A glare from something on the road temporarily blinds me. I blink away yellow bursts of light to see a pair of armored military vehicles hurtling south in my direction.

I fall to the ground and crawl, dirt stinging my cut elbows, behind the nearest hill. Tucking my body into a narrow indentation, I sit as still as the air and wait for the cover of darkness.

My anger is my armor, and I am made of steel.

The sun fades to twilight. Fireflies flicker like tiny bolts of lightning, dancing in the soft semidarkness. The temperature drops and the wind disappears. Crickets sing their soft, elegant song, and still I wait.

Night hits, wrapping the world in black.

Only then do I step from my hideout in the earth and point my feet north by the light of the moon.

I chew the last bite of my last kangaroo jerky, my tired, heavy eyes locked on a service road next to I-90. Four vehicle charging stations line a dimly lit rest stop in front of me. All have been empty the hour and a half I’ve been here.

Just outside the surveillance camera’s range—I counted four, one in each corner—I wait unmoving, sandwiched between two benches. I kneel uncomfortably, a sharp corner digging into my lower back, to stay awake.

My stomach growls at me to pay more attention to the 3D food printer I saw posted outside the restrooms. I still have my microchip and my umbrella—the government doesn’t know to track Aeron Rowe yet—so I could grab a few supplies for the rest of my journey. Mira has the megaprotein kits from Rayla’s survival food supply in her bag. But I have all the water—and I can survive up to three weeks without food.

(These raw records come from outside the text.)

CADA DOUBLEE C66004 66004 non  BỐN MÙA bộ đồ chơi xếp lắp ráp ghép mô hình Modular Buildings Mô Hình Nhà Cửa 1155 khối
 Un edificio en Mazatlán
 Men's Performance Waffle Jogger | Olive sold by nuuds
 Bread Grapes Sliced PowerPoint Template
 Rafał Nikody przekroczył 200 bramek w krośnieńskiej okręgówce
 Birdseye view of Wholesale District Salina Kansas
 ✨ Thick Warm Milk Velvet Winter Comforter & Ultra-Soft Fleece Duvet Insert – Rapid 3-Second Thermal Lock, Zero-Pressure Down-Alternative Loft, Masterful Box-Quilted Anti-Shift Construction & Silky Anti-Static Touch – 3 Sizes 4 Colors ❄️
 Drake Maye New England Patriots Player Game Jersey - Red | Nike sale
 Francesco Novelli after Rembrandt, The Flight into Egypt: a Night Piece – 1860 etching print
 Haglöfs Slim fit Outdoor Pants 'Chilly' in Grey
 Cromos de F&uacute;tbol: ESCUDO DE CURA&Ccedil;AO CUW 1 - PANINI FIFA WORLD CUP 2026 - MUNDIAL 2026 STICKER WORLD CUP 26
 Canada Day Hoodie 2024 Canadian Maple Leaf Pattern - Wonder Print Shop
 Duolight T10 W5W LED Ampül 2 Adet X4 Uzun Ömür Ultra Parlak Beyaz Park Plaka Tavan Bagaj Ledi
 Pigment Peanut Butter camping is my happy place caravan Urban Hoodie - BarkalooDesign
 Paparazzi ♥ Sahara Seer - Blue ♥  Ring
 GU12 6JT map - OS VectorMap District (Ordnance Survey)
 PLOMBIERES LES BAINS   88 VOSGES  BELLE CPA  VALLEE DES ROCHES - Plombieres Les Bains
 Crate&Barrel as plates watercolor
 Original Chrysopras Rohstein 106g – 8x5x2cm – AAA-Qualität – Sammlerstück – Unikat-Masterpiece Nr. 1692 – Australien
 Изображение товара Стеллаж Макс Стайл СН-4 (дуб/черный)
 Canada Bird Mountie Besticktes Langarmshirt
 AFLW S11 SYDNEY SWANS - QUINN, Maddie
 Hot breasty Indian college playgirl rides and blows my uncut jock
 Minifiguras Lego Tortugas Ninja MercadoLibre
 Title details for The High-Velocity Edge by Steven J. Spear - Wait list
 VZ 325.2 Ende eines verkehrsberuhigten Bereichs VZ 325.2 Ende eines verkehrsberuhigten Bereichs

Mira will need water within three days.

Despite this biological fact, my belly emits a loud grumble at the thought of the freeze-dried chicken and black beans in Mira’s possession. The label promised the food would taste just as great today as it will in twenty-five years. Be quiet, I scold my stomach. If the cameras detect a lone, skulking figure at a vehicle rest stop, the military might descend upon the area with a drone or an entire company of soldiers.

Suddenly the benches on either side of me begin to vibrate. A harsh, low rumbling of what seems a thousand thunderous engines seeps into my bones, overtaking my eardrums.